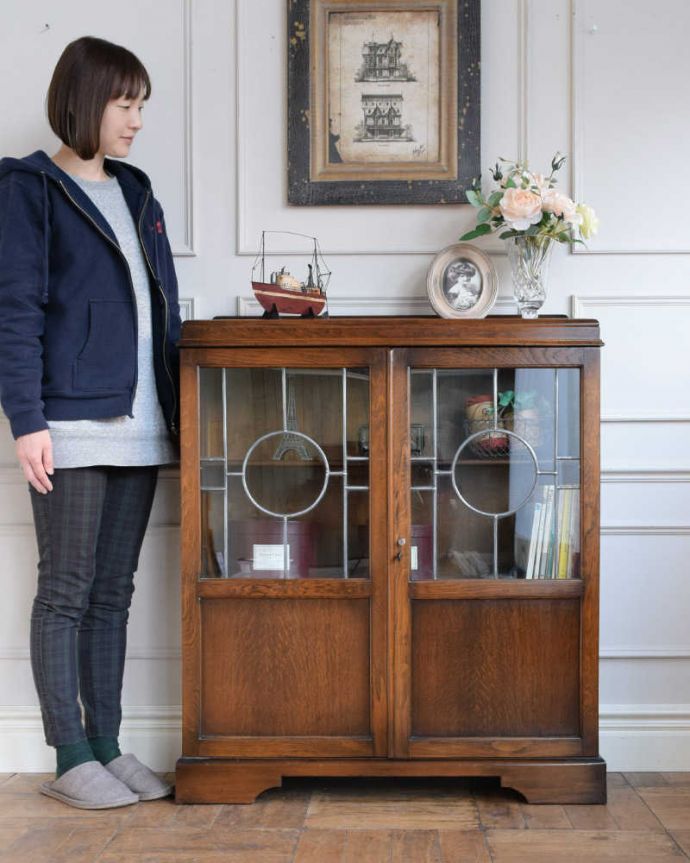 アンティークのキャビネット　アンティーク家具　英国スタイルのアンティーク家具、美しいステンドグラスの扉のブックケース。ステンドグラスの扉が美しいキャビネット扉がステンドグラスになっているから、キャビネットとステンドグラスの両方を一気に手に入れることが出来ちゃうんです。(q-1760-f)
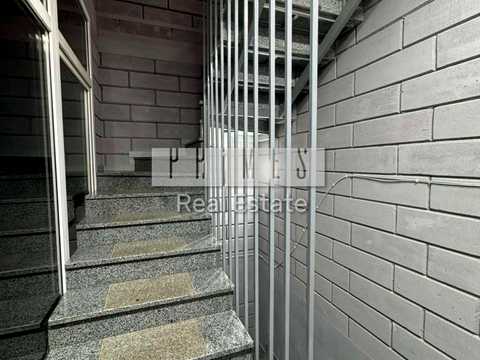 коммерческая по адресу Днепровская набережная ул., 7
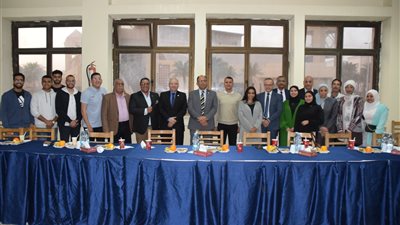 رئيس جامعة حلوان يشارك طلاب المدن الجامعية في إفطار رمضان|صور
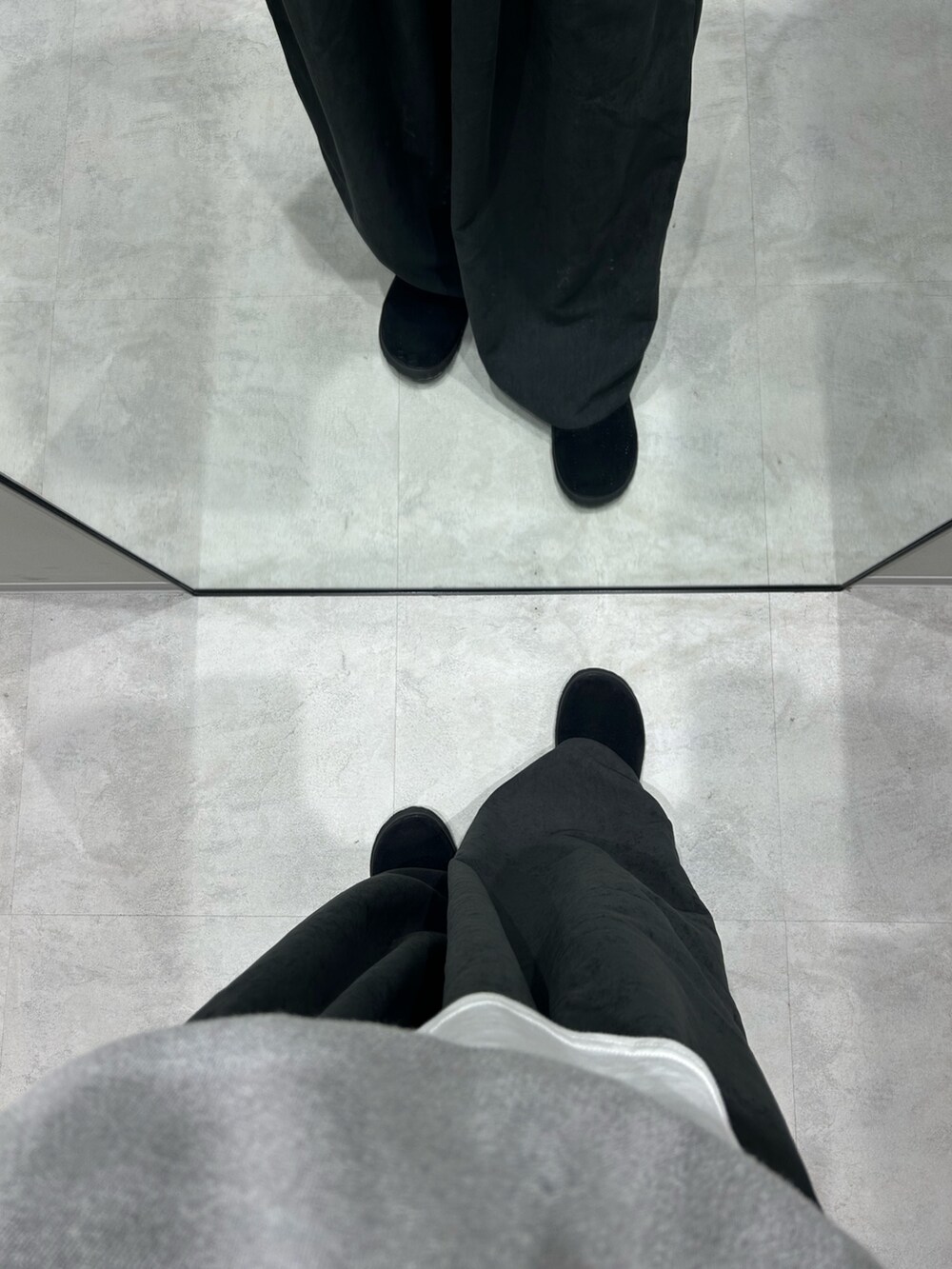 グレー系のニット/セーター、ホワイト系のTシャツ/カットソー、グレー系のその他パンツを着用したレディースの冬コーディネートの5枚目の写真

__WHAT YOU WILL DO__
Every line from the one containing "رئيس جامعة حلوان" through the last line of the data, both included, is to be repeated exactly; the pictures are to be left out.

__SOLUTION TO THE PROBLEM__
 رئيس جامعة حلوان يشارك طلاب المدن الجامعية في إفطار رمضان|صور
 グレー系のニット/セーター、ホワイト系のTシャツ/カットソー、グレー系のその他パンツを着用したレディースの冬コーディネートの5枚目の写真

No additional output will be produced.